(THE DATA):
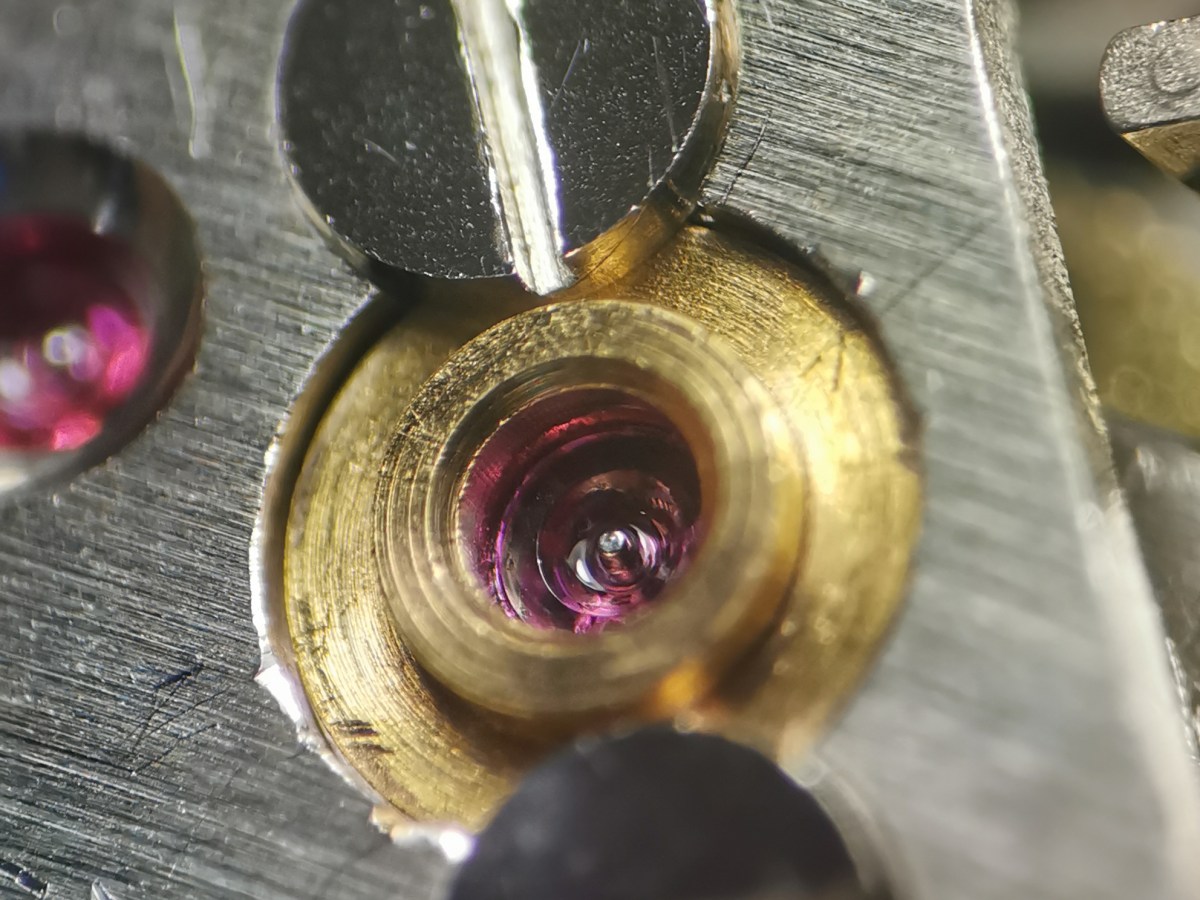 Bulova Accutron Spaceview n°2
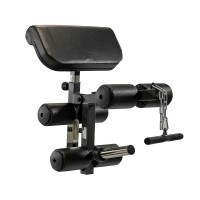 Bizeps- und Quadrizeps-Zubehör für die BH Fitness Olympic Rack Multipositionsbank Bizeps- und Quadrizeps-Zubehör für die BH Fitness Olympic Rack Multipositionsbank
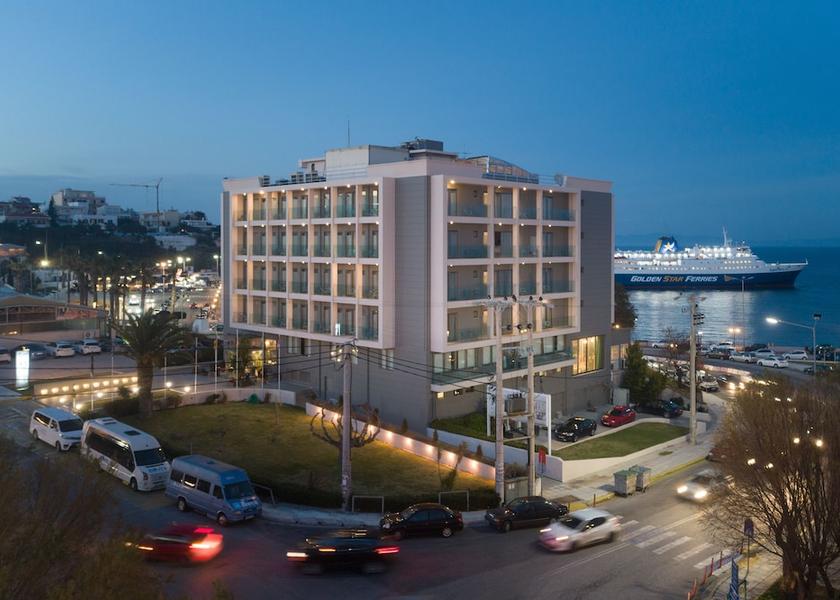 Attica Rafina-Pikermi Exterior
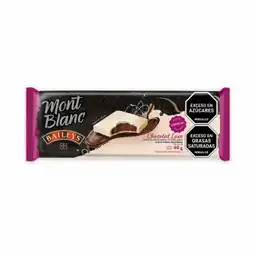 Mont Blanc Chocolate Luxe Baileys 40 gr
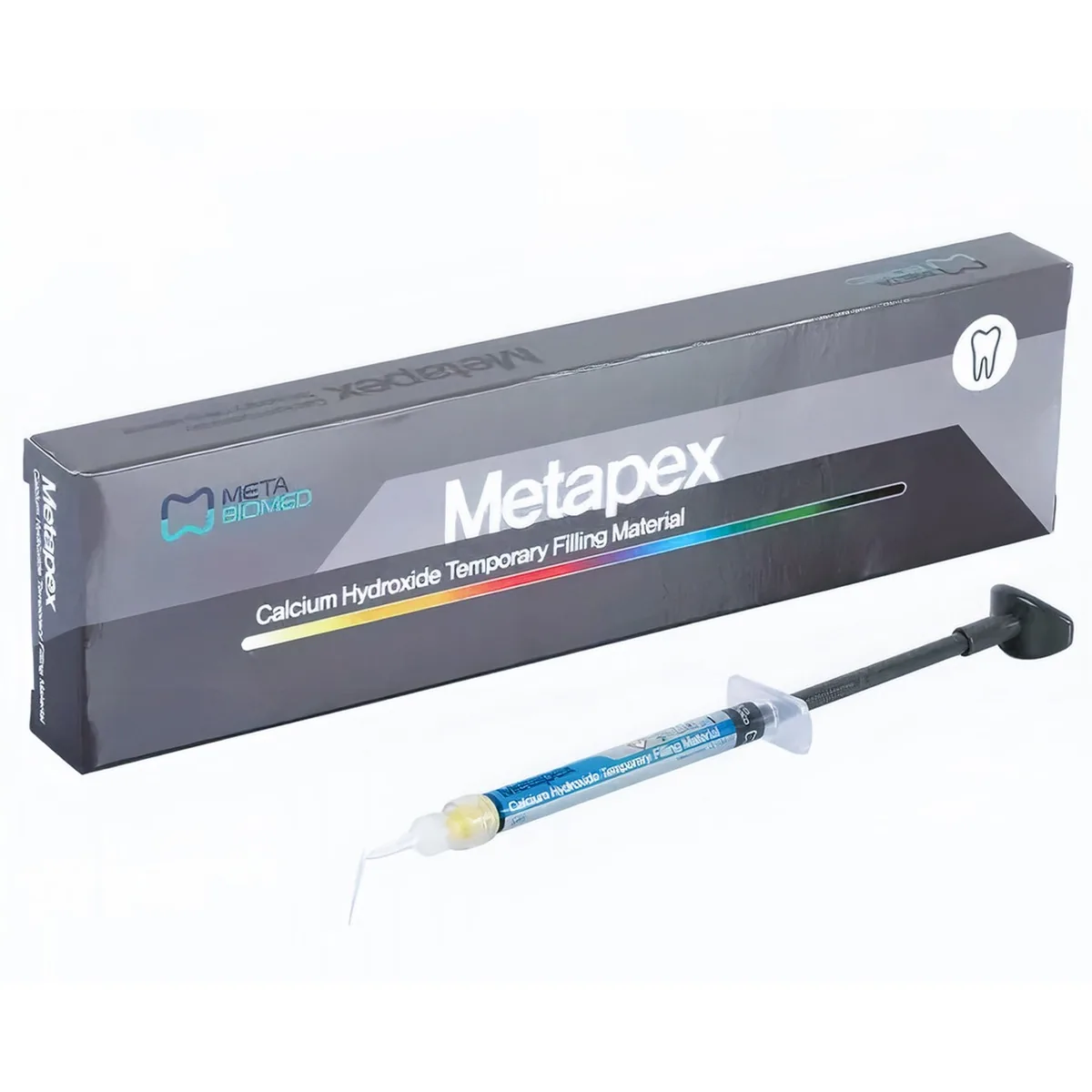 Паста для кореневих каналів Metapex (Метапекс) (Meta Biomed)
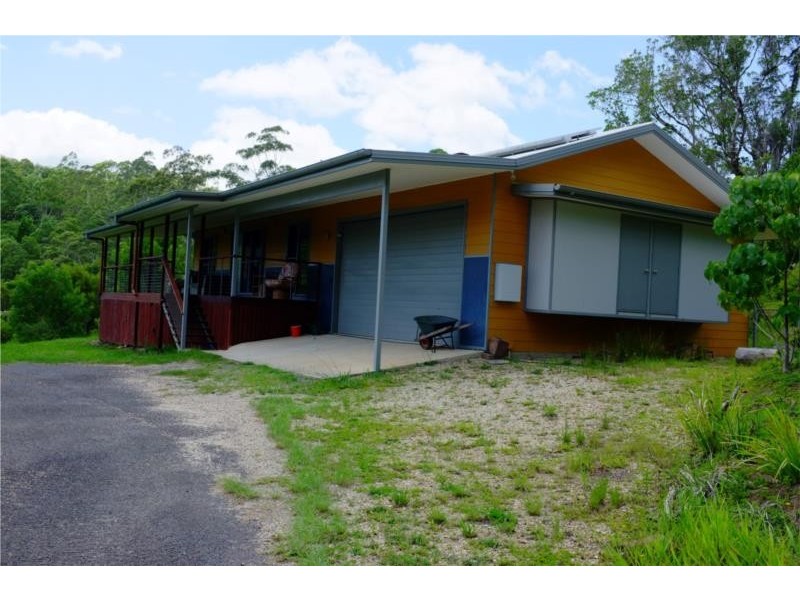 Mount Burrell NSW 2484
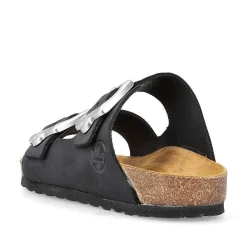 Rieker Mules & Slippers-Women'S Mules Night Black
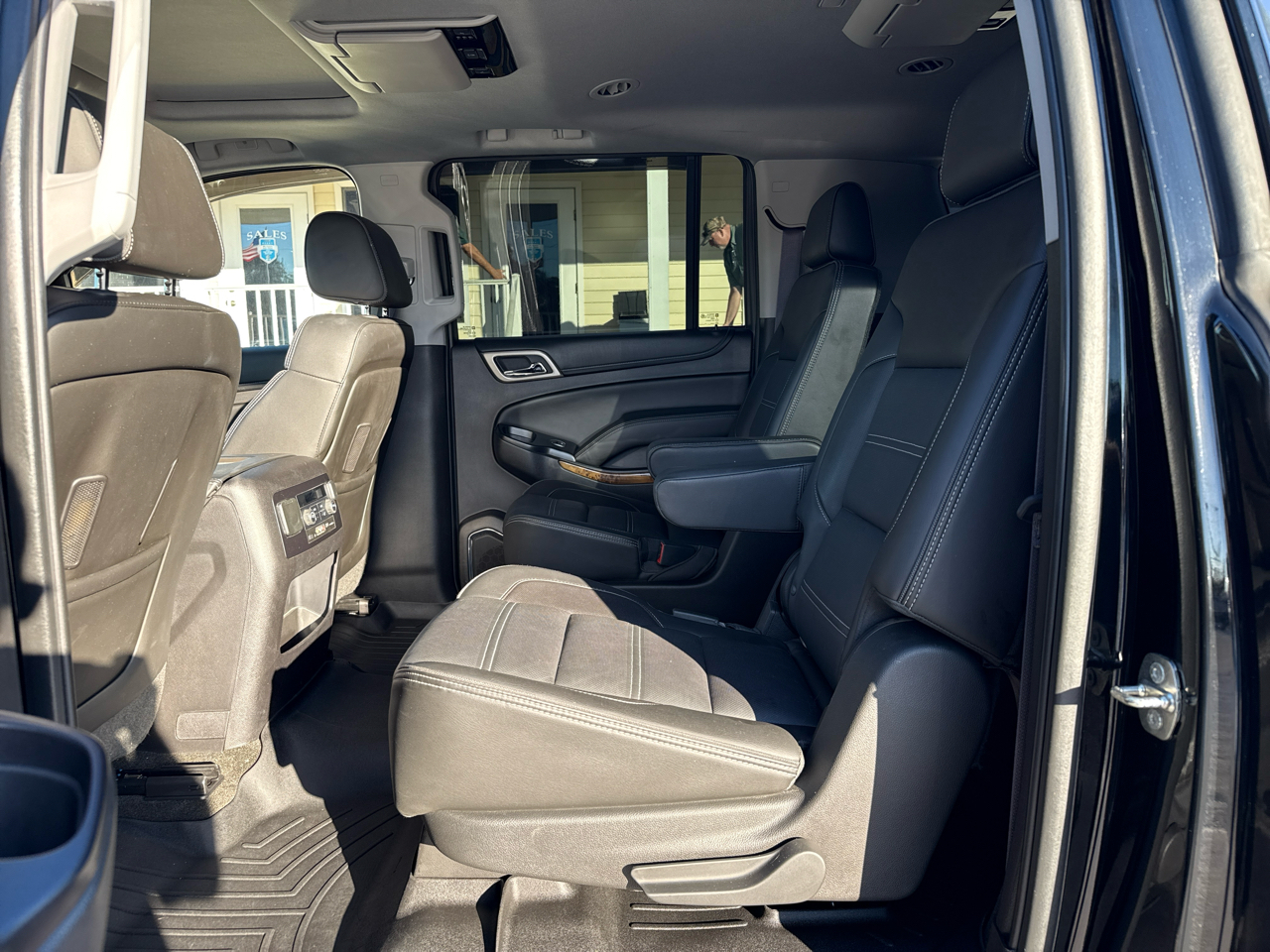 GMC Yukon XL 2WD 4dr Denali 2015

(INSTRUCTIONS TO FOLLOW):
Please transcribe all of the records above exactly, leaving out any pictures.

(RESULT FOR THIS TASK):
 Bulova Accutron Spaceview n°2
 Bizeps- und Quadrizeps-Zubehör für die BH Fitness Olympic Rack Multipositionsbank Bizeps- und Quadrizeps-Zubehör für die BH Fitness Olympic Rack Multipositionsbank
 Attica Rafina-Pikermi Exterior
 Mont Blanc Chocolate Luxe Baileys 40 gr
 Паста для кореневих каналів Metapex (Метапекс) (Meta Biomed)
 Mount Burrell NSW 2484
 Rieker Mules & Slippers-Women'S Mules Night Black
 GMC Yukon XL 2WD 4dr Denali 2015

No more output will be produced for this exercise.